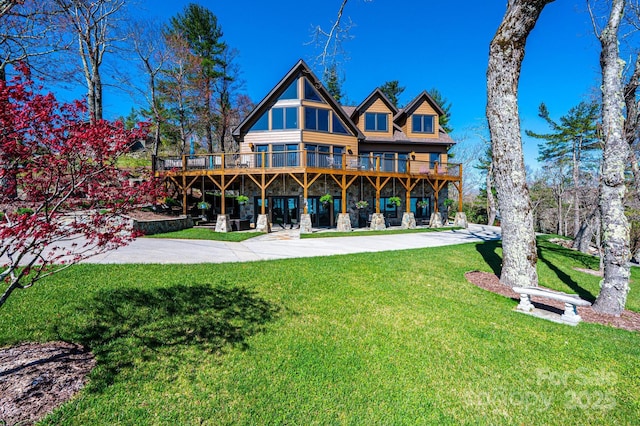 rear view of property with a wooden deck and a yard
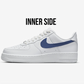 nike air force 1 side view, over the sneaker text "inner side" blak white background. Sneaker has a navy blue painted nike swoosh logo 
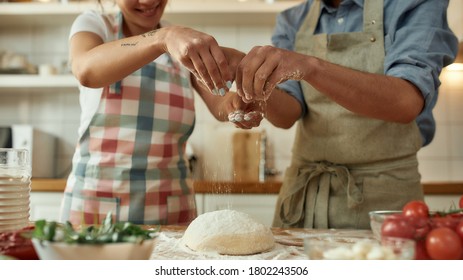 Cropped Shot Of Couple Preparing The Dough Together. Young Man And Woman In Apron Cooking, Making Pizza At Home. Hobby, Lifestyle. Focus On Hands. Web Banner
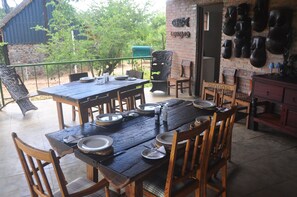 An outdoor dining area with a wooden table set for four, surrounded by wooden chairs.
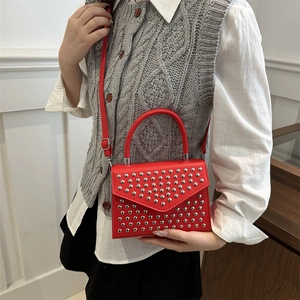 Women's red leather crossbody bag with silver studs and top handle on a fashion model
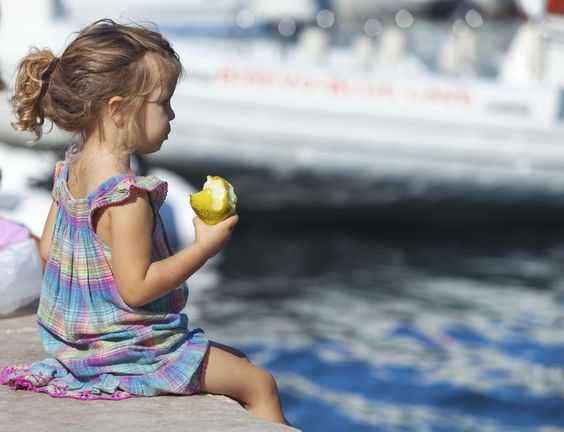 Little blond girl sits on the dock with pear in her hand.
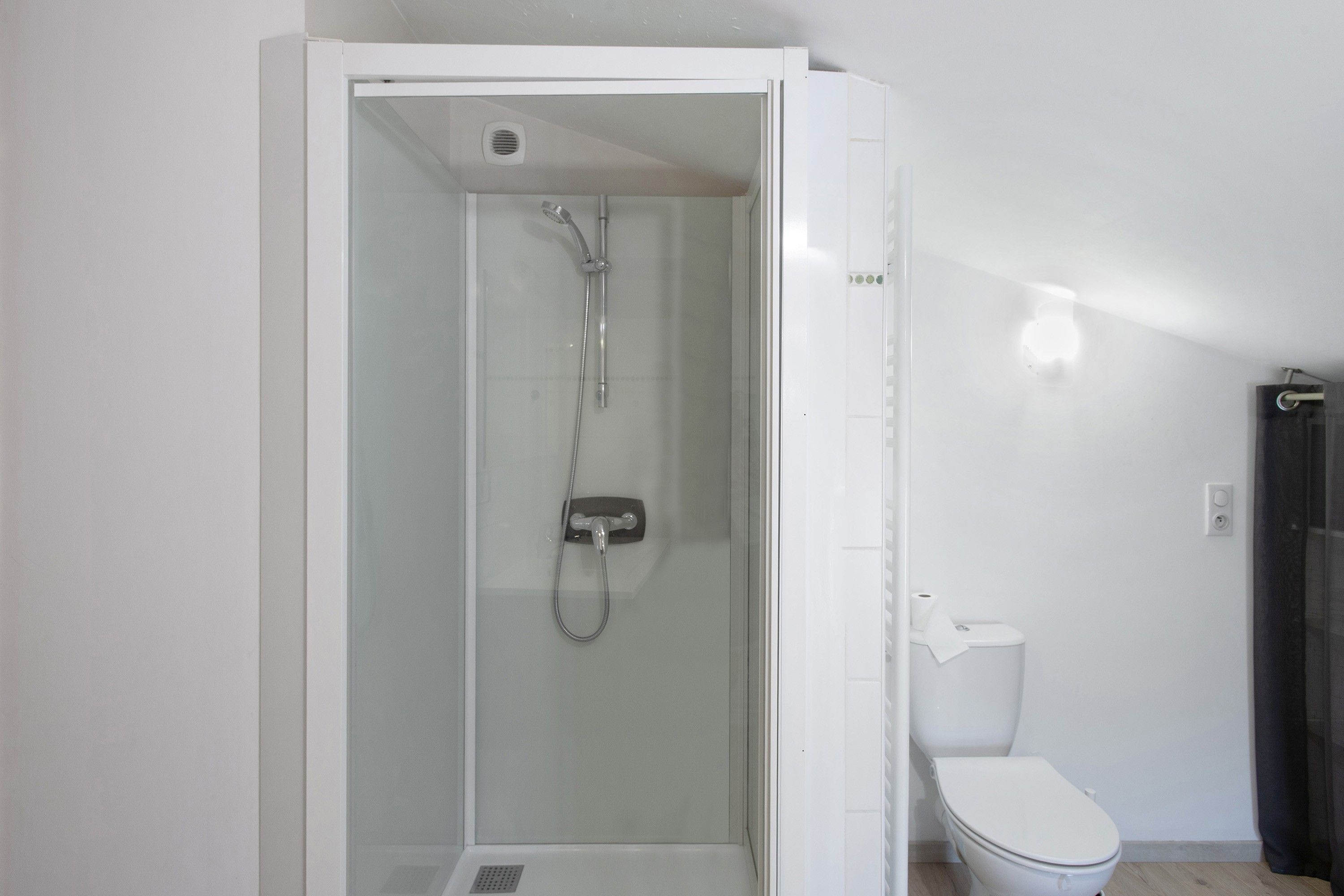 Une salle de bain avec une douche à parois de verre, des toilettes et un rideau de douche.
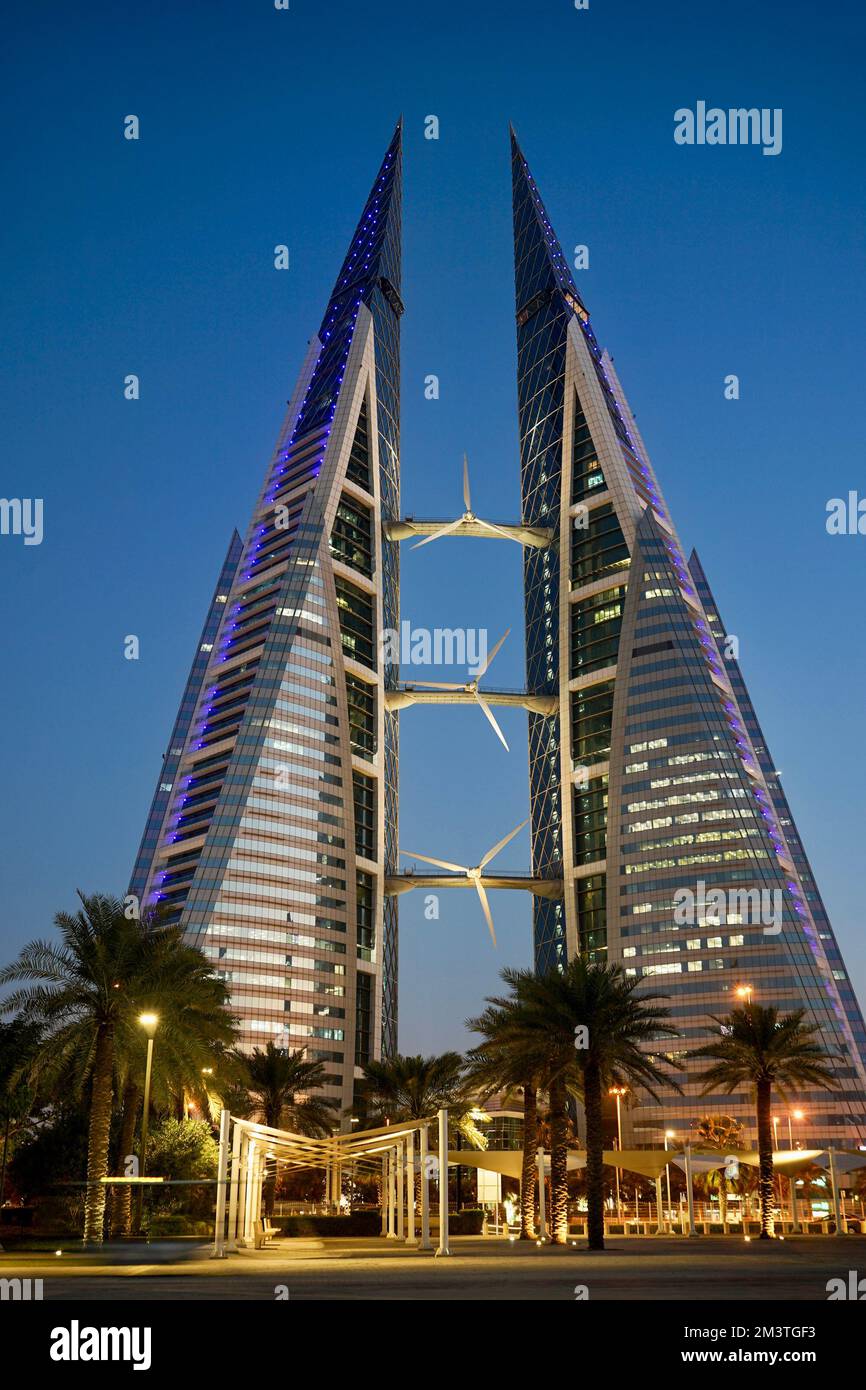 The sail-shaped towers and wind turbines of Bahrain World Trade Centre (Bahrain WTC) signify the maritime history of Manama, Bahrain Stock Photo
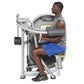 Man using silver Hoist leg press machine, wearing gray tank top and blue shorts, demonstrated on white background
########
Problem to work on:
Restate each entry word for word; pictures stay out of the copy.

Response:
 rear view of property with a wooden deck and a yard
 nike air force 1 side view, over the sneaker text "inner side" blak white background. Sneaker has a navy blue painted nike swoosh logo 
 Cropped Shot Of Couple Preparing The Dough Together. Young Man And Woman In Apron Cooking, Making Pizza At Home. Hobby, Lifestyle. Focus On Hands. Web Banner
 An outdoor dining area with a wooden table set for four, surrounded by wooden chairs.
 Women's red leather crossbody bag with silver studs and top handle on a fashion model
 Little blond girl sits on the dock with pear in her hand.
 Une salle de bain avec une douche à parois de verre, des toilettes et un rideau de douche.
 The sail-shaped towers and wind turbines of Bahrain World Trade Centre (Bahrain WTC) signify the maritime history of Manama, Bahrain Stock Photo
 Man using silver Hoist leg press machine, wearing gray tank top and blue shorts, demonstrated on white background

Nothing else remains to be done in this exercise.